Firstly, state benefits provide a minimum safety net in the event of illness that prevents you working. Some are means-tested and for mortgages in particular, you have to wait nine months until the state will help with interest payments.
Secondly, benefits on offer from your employer may make buying a protection policy unnecessary. If you are a member of a company pension scheme, you almost certainly also have death-in-service benefit, which is usually equal to two to four times your annual salary.
Many companies also offer "group PHI" schemes, which will pay out a portion of your gross salary, if after a specified period - often a year - you are unable to return to work owing to illness.
If you are not covered by a company scheme, then it may be worth filling the gap with a protection policy.
Permanent health insurance (also known as income replacement)
PHI pays a replacement income until you are able to return to work, until you reach the age of 65 and state and company pension plans kick in. It covers a wide range of conditions such as back problems, mental illness, stress and depression and pays out after a waiting period, typically one to three months.

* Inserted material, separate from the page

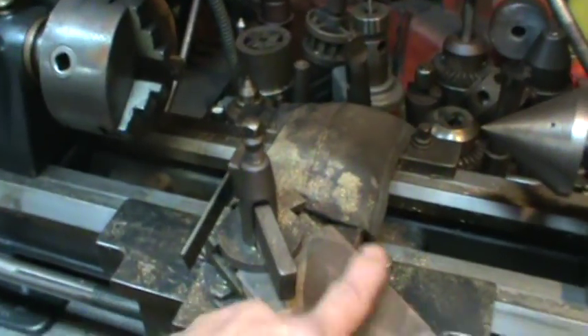Man, rust is hitting this thing — I gotta spray it down. The humidity has just been ridiculous the last couple of days. I think some fluid film needs to go on that puppy.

The cost of a policy varies tremendously depending on the level of benefits: you can choose to protect up to 70% of your income, whether you want it inflation-proofed, and whether you will return to work in any occupation or just your own. The cost will also depend on your job, age and sex. Women and people in manual jobs tend to make more claims, so their premiums are higher.
Critical illness
Critical illness policies pay a lump sum on diagnosis of named conditions. All policies cover problems such as cancer, heart attack and stroke, while most also cover major organ transplant, permanent total disability, Alzheimer's, loss of hearing, speech or sight, and multiple sclerosis. Check the small print to see what is covered.
There are no strings attached to the payment (you can do with it what you like) and if eventually you are able to return to work you do not have to repay the lump sum. You can buy critical illness as a standalone policy or combined with life insurance. These combination policies may cost little extra - and can even be cheaper.
The cost depends on age, sex and the amount of cover required. Women have to pay more and anyone over 45 will find that premiums are 50% or more above the price charged to a 30-year-old.
Life insurance
The simplest and cheapest life insurance is called term insurance. It pays out a lump sum if you die during a pre-determined period. If the cover is designed to pay off your mortgage, you should consider decreasing term cover, where the level of cover falls as you repay you mortgage. Buy purely on price, but remember that smokers are charged more.
Accident, sickness and unemployment cover
Also known as mortgage payment protection insurance, it usually pays out for 12 or 24 months, and typically costs £5-£6 per £100 of monthly mortgage repayment. Market Harborough building society charges £1.75 per £100.